Christine's staying at Dayton's is ironic — but not surprising — because Dayton was Christine's perceived enemy for Lee's affections. That Dayton accepts Christine into his home is not surprising because he alone is the one person who doesn't judge her. He accepts her on her own terms, without question. What Christine fails to recognize, however, is that her own daughter, Rayona, also accepts her, without question. Christine is surprised to see a painting of Dayton and Lee in Dayton's home. What surprises her even more is that, in the painting, Lee is wearing his prize brass buckle, which he never wore. To a certain extent, then, Dayton has come to terms with Lee's death in a way that Christine is unable to. And what is even more surprising to Christine is finding a picture of her and Rayona. Whereas she expected Dayton to reject her following her victory over him in getting Lee to enlist, Dayton has accepted her as a part of his life.

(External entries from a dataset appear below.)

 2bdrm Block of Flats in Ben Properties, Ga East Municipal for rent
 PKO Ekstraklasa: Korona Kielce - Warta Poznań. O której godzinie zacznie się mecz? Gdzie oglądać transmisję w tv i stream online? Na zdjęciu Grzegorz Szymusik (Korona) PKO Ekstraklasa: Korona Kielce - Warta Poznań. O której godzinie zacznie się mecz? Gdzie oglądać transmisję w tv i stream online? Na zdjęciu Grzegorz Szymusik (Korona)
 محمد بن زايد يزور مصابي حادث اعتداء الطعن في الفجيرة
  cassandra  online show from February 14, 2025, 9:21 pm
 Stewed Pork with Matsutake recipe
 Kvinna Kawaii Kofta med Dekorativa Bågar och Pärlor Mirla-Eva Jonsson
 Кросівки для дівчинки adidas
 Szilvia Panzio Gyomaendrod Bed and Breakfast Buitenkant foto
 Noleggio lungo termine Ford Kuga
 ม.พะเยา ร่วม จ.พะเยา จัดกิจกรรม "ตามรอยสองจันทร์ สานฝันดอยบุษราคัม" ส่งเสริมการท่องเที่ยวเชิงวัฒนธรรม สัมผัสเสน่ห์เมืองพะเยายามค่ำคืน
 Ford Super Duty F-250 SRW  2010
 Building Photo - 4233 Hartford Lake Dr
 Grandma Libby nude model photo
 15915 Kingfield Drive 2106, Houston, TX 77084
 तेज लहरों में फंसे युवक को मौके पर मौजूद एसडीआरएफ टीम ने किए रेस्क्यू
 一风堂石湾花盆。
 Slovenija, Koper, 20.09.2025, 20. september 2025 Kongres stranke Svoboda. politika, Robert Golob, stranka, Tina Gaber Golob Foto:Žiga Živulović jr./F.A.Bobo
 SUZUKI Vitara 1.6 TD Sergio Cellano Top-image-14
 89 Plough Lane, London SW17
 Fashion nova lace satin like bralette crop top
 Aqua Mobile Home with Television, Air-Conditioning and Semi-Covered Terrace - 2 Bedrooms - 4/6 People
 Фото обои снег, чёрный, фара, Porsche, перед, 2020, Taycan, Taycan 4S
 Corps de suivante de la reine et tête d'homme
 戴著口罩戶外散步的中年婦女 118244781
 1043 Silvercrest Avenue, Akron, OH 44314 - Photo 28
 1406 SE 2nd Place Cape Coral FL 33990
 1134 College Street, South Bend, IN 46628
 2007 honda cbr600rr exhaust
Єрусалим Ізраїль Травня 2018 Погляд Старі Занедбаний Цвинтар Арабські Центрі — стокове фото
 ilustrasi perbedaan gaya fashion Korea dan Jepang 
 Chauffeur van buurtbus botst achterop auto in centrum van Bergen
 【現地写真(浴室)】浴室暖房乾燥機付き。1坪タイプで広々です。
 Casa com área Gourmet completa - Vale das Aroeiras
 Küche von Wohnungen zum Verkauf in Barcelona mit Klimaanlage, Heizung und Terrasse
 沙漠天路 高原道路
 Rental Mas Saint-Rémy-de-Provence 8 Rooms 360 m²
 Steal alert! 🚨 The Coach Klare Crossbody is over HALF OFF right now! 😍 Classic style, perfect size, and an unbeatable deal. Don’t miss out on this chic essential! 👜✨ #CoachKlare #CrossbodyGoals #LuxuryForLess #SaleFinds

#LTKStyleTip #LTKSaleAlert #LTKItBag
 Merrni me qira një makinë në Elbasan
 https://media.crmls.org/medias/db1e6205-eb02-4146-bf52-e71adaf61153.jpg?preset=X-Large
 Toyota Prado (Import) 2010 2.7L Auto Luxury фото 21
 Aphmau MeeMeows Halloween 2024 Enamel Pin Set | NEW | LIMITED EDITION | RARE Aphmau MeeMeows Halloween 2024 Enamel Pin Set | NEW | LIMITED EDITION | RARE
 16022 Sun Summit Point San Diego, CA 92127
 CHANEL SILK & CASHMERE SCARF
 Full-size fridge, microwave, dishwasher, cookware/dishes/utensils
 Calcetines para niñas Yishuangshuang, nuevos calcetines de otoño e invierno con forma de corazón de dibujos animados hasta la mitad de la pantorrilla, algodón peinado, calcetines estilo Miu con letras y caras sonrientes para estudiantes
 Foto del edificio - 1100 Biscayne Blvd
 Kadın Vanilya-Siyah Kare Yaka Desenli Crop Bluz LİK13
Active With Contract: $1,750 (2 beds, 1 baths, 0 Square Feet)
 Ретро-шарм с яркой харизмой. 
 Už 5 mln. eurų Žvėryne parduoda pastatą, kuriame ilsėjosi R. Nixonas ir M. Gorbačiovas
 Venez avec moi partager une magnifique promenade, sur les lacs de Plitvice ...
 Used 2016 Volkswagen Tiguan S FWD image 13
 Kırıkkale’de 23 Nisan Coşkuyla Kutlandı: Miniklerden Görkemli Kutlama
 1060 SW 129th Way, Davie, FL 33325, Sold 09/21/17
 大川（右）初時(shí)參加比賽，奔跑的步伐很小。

Dayton accepts his past but doesn't constantly — and negatively — reevaluate it as Christine does hers. Christine notes of him, "It was as though he took himself at his word, he didn't look back." His even-keeled life seems to rub off on Christine, who becomes more and more content with who she is and what she's experienced in her past. Although understated, a defining moment in their lives together is when Christine, without fanfare, sets Lee's Purple Heart on Dayton's desk while he's at work, an act that symbolizes Christine's acknowledgment of Dayton's important role in Lee's life — and in her own.

The emotionally charged confrontation between Christine and Aunt Ida here in Chapter 15 emphasizes Dorris' theme of how perceptions are individually based. For example, when Aunt Ida shouts at Christine, "I never wanted you! . . . I had no choice," Christine is hurt and outraged by Aunt Ida's words, as any person would be. She assumes that Aunt Ida's statements have a literal meaning, as perhaps they do. But what Christine does not — cannot — know are the reasons for Aunt Ida's apparent rejection of her. "You don't know anything," Aunt Ida says to Christine. Here, Aunt Ida is as much at fault — perhaps even more — as Christine is for the two women's abysmal relationship, for she fails to explain why she feels the way she does about Christine. Note that Christine's reactions to Aunt Ida — "I couldn't look at her. I couldn't see her weak" — are based on the same reasons she wouldn't let Rayona see her grovel in front of Aunt Ida in the previous Chapter. All the women in the novel are afraid to show their vulnerability, which they equate as weakness but which is the overriding factor in why their relationships with each other seem so doomed to failure.

Glossary

Wildroot a brand of men's hairdressing.

just tooling just driving around, rather aimlessly.

Santana a Latin rock/blues group that played at Woodstock and was especially popular during the 1970s and early 1980s.

Happy Hunting Ground derisive Anglo slang for what some Anglicans believe Native Americans look forward to after death and upon entering heaven.